─── SUPPLIED DATA ───

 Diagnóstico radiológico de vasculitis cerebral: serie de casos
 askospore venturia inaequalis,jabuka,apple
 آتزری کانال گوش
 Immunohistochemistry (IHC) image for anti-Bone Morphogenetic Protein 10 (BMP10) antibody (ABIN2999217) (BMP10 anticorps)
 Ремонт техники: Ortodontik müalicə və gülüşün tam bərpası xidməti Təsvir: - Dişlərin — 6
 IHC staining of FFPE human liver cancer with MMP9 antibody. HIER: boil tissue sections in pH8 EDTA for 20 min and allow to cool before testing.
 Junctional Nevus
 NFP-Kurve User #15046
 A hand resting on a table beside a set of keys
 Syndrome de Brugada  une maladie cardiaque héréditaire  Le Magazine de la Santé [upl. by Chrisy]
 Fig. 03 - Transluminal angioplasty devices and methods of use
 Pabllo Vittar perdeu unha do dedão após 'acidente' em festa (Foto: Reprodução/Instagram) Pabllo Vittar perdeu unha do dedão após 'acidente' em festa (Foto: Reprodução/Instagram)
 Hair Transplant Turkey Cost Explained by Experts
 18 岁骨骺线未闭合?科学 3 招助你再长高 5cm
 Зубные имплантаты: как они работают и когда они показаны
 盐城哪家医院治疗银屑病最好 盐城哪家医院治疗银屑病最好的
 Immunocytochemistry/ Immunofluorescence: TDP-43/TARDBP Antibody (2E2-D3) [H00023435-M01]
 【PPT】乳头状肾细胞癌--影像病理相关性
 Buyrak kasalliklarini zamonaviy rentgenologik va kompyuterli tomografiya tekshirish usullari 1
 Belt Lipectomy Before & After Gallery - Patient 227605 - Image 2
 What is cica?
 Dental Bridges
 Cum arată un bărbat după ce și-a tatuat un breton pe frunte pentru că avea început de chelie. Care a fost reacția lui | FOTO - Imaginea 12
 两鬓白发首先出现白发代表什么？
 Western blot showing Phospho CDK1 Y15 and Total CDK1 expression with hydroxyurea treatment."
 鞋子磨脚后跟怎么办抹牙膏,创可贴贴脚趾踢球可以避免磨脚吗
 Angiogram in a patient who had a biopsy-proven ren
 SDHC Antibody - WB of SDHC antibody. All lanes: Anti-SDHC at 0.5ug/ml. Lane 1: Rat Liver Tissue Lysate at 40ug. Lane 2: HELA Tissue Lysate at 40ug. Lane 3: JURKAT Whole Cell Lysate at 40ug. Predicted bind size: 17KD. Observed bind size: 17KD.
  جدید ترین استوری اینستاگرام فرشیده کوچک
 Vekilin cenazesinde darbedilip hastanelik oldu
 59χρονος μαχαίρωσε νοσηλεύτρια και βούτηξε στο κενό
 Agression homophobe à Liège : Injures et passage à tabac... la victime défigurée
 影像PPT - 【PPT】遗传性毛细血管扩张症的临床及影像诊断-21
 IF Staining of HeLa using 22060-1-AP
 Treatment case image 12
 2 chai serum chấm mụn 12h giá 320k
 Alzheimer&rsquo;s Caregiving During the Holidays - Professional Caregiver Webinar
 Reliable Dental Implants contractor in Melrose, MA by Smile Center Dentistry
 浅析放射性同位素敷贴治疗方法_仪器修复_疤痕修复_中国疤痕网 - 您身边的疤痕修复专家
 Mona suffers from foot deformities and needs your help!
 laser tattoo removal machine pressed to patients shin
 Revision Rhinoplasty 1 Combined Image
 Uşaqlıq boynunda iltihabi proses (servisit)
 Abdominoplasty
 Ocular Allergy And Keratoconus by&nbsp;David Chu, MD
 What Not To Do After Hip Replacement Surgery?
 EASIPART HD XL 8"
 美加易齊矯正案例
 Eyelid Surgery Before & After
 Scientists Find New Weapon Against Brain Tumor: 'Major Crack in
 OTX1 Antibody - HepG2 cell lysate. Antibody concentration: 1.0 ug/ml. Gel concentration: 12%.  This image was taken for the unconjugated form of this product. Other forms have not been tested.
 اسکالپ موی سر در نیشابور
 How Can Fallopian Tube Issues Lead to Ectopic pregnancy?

───

*WHAT THE EXERCISE ASKS*:
Return the records above in their entirety, exactly as they appear.

*WRITTEN REPLY*:
 Diagnóstico radiológico de vasculitis cerebral: serie de casos
 askospore venturia inaequalis,jabuka,apple
 آتزری کانال گوش
 Immunohistochemistry (IHC) image for anti-Bone Morphogenetic Protein 10 (BMP10) antibody (ABIN2999217) (BMP10 anticorps)
 Ремонт техники: Ortodontik müalicə və gülüşün tam bərpası xidməti Təsvir: - Dişlərin — 6
 IHC staining of FFPE human liver cancer with MMP9 antibody. HIER: boil tissue sections in pH8 EDTA for 20 min and allow to cool before testing.
 Junctional Nevus
 NFP-Kurve User #15046
 A hand resting on a table beside a set of keys
 Syndrome de Brugada  une maladie cardiaque héréditaire  Le Magazine de la Santé [upl. by Chrisy]
 Fig. 03 - Transluminal angioplasty devices and methods of use
 Pabllo Vittar perdeu unha do dedão após 'acidente' em festa (Foto: Reprodução/Instagram) Pabllo Vittar perdeu unha do dedão após 'acidente' em festa (Foto: Reprodução/Instagram)
 Hair Transplant Turkey Cost Explained by Experts
 18 岁骨骺线未闭合?科学 3 招助你再长高 5cm
 Зубные имплантаты: как они работают и когда они показаны
 盐城哪家医院治疗银屑病最好 盐城哪家医院治疗银屑病最好的
 Immunocytochemistry/ Immunofluorescence: TDP-43/TARDBP Antibody (2E2-D3) [H00023435-M01]
 【PPT】乳头状肾细胞癌--影像病理相关性
 Buyrak kasalliklarini zamonaviy rentgenologik va kompyuterli tomografiya tekshirish usullari 1
 Belt Lipectomy Before & After Gallery - Patient 227605 - Image 2
 What is cica?
 Dental Bridges
 Cum arată un bărbat după ce și-a tatuat un breton pe frunte pentru că avea început de chelie. Care a fost reacția lui | FOTO - Imaginea 12
 两鬓白发首先出现白发代表什么？
 Western blot showing Phospho CDK1 Y15 and Total CDK1 expression with hydroxyurea treatment."
 鞋子磨脚后跟怎么办抹牙膏,创可贴贴脚趾踢球可以避免磨脚吗
 Angiogram in a patient who had a biopsy-proven ren
 SDHC Antibody - WB of SDHC antibody. All lanes: Anti-SDHC at 0.5ug/ml. Lane 1: Rat Liver Tissue Lysate at 40ug. Lane 2: HELA Tissue Lysate at 40ug. Lane 3: JURKAT Whole Cell Lysate at 40ug. Predicted bind size: 17KD. Observed bind size: 17KD.
  جدید ترین استوری اینستاگرام فرشیده کوچک
 Vekilin cenazesinde darbedilip hastanelik oldu
 59χρονος μαχαίρωσε νοσηλεύτρια και βούτηξε στο κενό
 Agression homophobe à Liège : Injures et passage à tabac... la victime défigurée
 影像PPT - 【PPT】遗传性毛细血管扩张症的临床及影像诊断-21
 IF Staining of HeLa using 22060-1-AP
 Treatment case image 12
 2 chai serum chấm mụn 12h giá 320k
 Alzheimer&rsquo;s Caregiving During the Holidays - Professional Caregiver Webinar
 Reliable Dental Implants contractor in Melrose, MA by Smile Center Dentistry
 浅析放射性同位素敷贴治疗方法_仪器修复_疤痕修复_中国疤痕网 - 您身边的疤痕修复专家
 Mona suffers from foot deformities and needs your help!
 laser tattoo removal machine pressed to patients shin
 Revision Rhinoplasty 1 Combined Image
 Uşaqlıq boynunda iltihabi proses (servisit)
 Abdominoplasty
 Ocular Allergy And Keratoconus by&nbsp;David Chu, MD
 What Not To Do After Hip Replacement Surgery?
 EASIPART HD XL 8"
 美加易齊矯正案例
 Eyelid Surgery Before & After
 Scientists Find New Weapon Against Brain Tumor: 'Major Crack in
 OTX1 Antibody - HepG2 cell lysate. Antibody concentration: 1.0 ug/ml. Gel concentration: 12%.  This image was taken for the unconjugated form of this product. Other forms have not been tested.
 اسکالپ موی سر در نیشابور
 How Can Fallopian Tube Issues Lead to Ectopic pregnancy?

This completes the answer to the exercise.